FAQ – Häufige Fragen
Ist Recyclingwasser im Beton genauso hochwertig wie Frischwasser?
Der gleichwertige Einsatz ist möglich, wenn die Normen (EN 1008 / DIN EN 206) eingehalten werden, der Trennschnitt gesichert (<0,2 mm) und die Dichte stabil geführt wird.
Wie viel Recyclingwasser darf laut Norm im Beton verwendet werden?
Die Festlegung des zulässigen Anteils erfolgt nach Norm (EN 1008 / DIN EN 206) und ist abhängig von der werksspezifischen Qualitätsprüfung.
Welche Parameter müssen regelmäßig gemessen werden?
Die Messung der Dichte, die Überwachung des pH-Wertes und die Sicherstellung des Trennschnitts sind entscheidend, um die Prozessstabilität zu gewährleisten.

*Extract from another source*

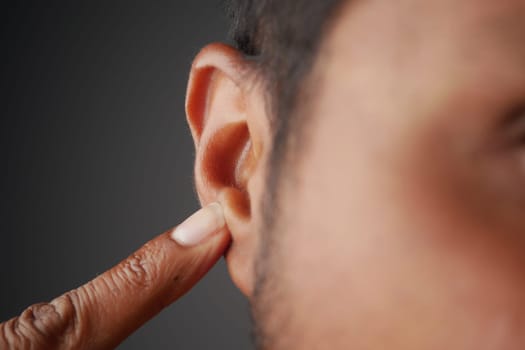 young man having ear pain touching his painful ear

Die Messungen können automatisiert oder diskontinuierlich manuell erfolgen.
Wann ist eine Filterpresse sinnvoll?
Eine Klarwasserstufe via Kammerfilterpresse ist optional und wird eingesetzt, wenn besondere Anforderungen an die Wasserreinheit bestehen oder behördliche Vorgaben dies erfordern.
Welche Vorteile ergeben sich für Genehmigungsverfahren?
Die dokumentierbare und stabile Wasserqualität (Dichte/pH/Trennschnitt) in modernen Anlagen erleichtert die Abstimmung und die Einhaltung behördlicher Vorgaben.